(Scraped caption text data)
'''

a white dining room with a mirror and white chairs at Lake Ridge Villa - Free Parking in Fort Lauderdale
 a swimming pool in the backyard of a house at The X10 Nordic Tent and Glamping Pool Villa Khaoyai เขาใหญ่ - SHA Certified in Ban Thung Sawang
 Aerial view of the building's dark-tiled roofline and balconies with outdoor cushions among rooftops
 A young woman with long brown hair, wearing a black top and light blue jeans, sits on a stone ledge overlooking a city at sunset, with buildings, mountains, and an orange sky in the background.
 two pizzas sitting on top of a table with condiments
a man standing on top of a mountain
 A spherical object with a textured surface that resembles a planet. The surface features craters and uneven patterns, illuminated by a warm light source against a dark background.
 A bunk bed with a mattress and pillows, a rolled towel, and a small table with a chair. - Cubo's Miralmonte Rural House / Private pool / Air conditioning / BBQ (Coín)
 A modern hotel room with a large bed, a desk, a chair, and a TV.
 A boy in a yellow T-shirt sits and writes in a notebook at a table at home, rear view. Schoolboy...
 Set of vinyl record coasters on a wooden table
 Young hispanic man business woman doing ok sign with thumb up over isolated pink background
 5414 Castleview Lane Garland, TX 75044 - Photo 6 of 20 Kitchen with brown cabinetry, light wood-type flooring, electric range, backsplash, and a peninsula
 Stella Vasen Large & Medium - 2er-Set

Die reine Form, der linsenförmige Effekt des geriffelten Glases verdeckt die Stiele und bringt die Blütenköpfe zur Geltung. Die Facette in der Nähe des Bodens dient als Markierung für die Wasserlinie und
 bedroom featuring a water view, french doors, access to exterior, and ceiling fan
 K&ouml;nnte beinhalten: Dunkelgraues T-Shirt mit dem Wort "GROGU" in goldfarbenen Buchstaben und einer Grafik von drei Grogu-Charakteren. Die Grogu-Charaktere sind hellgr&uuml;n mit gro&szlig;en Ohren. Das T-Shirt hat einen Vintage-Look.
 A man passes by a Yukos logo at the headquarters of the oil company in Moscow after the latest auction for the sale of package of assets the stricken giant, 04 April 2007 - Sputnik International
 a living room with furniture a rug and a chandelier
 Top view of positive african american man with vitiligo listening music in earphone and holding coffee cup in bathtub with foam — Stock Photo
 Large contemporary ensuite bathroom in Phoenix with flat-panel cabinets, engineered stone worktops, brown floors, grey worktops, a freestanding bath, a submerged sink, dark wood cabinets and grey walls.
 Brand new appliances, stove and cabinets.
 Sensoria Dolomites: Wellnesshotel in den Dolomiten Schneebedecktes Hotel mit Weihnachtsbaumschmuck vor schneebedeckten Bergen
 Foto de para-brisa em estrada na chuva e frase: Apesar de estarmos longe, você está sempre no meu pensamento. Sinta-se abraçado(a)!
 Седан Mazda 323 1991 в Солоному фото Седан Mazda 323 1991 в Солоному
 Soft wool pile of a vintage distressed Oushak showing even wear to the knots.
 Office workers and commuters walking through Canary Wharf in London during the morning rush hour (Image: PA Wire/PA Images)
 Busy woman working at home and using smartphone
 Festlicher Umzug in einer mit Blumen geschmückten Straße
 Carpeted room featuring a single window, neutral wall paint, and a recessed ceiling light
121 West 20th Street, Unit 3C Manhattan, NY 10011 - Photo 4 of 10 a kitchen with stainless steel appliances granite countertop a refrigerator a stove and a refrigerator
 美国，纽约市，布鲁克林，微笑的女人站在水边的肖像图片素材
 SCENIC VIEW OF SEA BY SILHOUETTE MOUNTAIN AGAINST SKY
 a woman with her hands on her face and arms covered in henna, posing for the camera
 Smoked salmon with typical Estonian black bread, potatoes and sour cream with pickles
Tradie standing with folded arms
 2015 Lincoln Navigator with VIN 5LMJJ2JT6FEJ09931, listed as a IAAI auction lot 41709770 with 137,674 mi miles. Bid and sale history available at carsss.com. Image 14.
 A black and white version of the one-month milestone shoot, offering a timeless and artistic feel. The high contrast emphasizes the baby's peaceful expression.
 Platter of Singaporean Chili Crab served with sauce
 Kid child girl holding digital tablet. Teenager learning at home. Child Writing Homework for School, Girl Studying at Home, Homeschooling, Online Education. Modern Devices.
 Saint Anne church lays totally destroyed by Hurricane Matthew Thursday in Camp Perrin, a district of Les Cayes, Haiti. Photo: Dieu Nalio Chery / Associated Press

'''

§ TASK REQUIREMENTS: Beginning of the records through the line with "Aerial view of": return that span exactly and stop there.

§ THE ANSWER:
a white dining room with a mirror and white chairs at Lake Ridge Villa - Free Parking in Fort Lauderdale
 a swimming pool in the backyard of a house at The X10 Nordic Tent and Glamping Pool Villa Khaoyai เขาใหญ่ - SHA Certified in Ban Thung Sawang
 Aerial view of the building's dark-tiled roofline and balconies with outdoor cushions among rooftops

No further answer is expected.